The Supreme Court Thursday refused to allow a victim of the Delhi violence to intervene in the matter pertaining to alleged hate speech by activist Harsh Mander during anti-CAA protests, PTI reported. This comes a day after the Delhi Police filed an affidavit in the top court, seeking initiation of contempt proceedings against the activist for his alleged remarks about the Supreme Court and Parliament.
Appearing for Mander, senior advocate Colin Gonsalves told a bench headed by Chief Justice of India SA Bobde that a riot victim wanted to intervene in the activist’s case. To this, the CJI said, “We will not allow you to intervene.”
When Gonsalves proposed to place the alleged hate speech video by Mander on record, the CJI said the court had already asked the solicitor general to do so. “We had asked the solicitor general to put it (video of alleged hate speech by Mander) on record. We don’t need you in that proceeding,” the CJI said.
In its affidavit, the Delhi Police had accused Mander of instigating violence via a speech and said he is “known for taking a contemptuous stand and bringing the judiciary, as an institution, and individual judges in disrepute”.
Police urged the court to not only impose exemplary costs but also initiate contempt of court proceedings against him. The affidavit was filed after the Centre had leveled similar allegations against Mander before the court.
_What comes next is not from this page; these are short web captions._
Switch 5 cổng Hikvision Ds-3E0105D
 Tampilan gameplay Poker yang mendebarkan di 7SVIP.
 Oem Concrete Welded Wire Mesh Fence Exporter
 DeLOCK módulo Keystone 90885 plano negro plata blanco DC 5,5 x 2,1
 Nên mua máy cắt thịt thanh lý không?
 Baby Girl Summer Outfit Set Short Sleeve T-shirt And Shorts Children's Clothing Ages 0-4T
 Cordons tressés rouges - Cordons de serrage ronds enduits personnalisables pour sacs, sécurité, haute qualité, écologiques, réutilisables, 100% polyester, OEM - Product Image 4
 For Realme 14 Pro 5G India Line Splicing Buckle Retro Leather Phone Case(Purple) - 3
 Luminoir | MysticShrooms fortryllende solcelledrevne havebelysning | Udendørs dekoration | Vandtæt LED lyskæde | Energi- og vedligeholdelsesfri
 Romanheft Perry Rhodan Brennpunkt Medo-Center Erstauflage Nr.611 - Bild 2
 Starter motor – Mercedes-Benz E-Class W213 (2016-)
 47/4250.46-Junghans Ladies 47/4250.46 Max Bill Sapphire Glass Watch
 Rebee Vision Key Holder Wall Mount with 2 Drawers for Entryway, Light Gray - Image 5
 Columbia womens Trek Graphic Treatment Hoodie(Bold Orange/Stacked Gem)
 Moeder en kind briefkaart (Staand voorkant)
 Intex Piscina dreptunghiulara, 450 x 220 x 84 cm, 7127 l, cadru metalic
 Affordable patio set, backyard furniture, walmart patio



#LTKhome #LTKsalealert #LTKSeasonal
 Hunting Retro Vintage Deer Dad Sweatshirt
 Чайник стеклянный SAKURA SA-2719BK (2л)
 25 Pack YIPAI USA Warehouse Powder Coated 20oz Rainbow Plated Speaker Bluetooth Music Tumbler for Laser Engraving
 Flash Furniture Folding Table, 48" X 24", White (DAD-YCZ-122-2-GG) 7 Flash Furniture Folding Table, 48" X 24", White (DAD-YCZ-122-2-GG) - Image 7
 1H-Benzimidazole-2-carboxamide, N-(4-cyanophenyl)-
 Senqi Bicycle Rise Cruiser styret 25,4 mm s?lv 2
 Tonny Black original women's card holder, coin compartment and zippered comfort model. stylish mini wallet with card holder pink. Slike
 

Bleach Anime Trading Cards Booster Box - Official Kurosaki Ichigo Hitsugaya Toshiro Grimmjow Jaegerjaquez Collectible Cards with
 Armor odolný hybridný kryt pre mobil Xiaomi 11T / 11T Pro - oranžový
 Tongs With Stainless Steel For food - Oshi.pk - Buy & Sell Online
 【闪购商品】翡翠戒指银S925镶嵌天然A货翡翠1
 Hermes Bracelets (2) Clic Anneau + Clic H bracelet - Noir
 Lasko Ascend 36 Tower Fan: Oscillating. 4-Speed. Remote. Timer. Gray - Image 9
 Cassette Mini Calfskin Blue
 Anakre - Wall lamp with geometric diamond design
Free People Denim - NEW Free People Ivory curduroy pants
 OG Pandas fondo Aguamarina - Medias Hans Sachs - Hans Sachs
Taking strong note of the Centre’s allegations, the apex court refused to hear Mander’s plea where he had sought registration of FIRs against BJP leaders Kapil Mishra, Anurag Thakur and Parvesh Sahib Singh for their alleged hate speeches in the run-up to the Delhi assembly elections. The court, however, sent other pleas to the Delhi High Court which are listed for March 6.
Solicitor General Tushar Mehta had referred to some of the alleged hate speeches delivered by Mander during the anti-CAA protests and at the Jamia Millia Islamia on December 16 last year.
He had read out in court certain excerpts from alleged speeches of Mander and said they included objectionable statements about the apex court, Parliament and the government.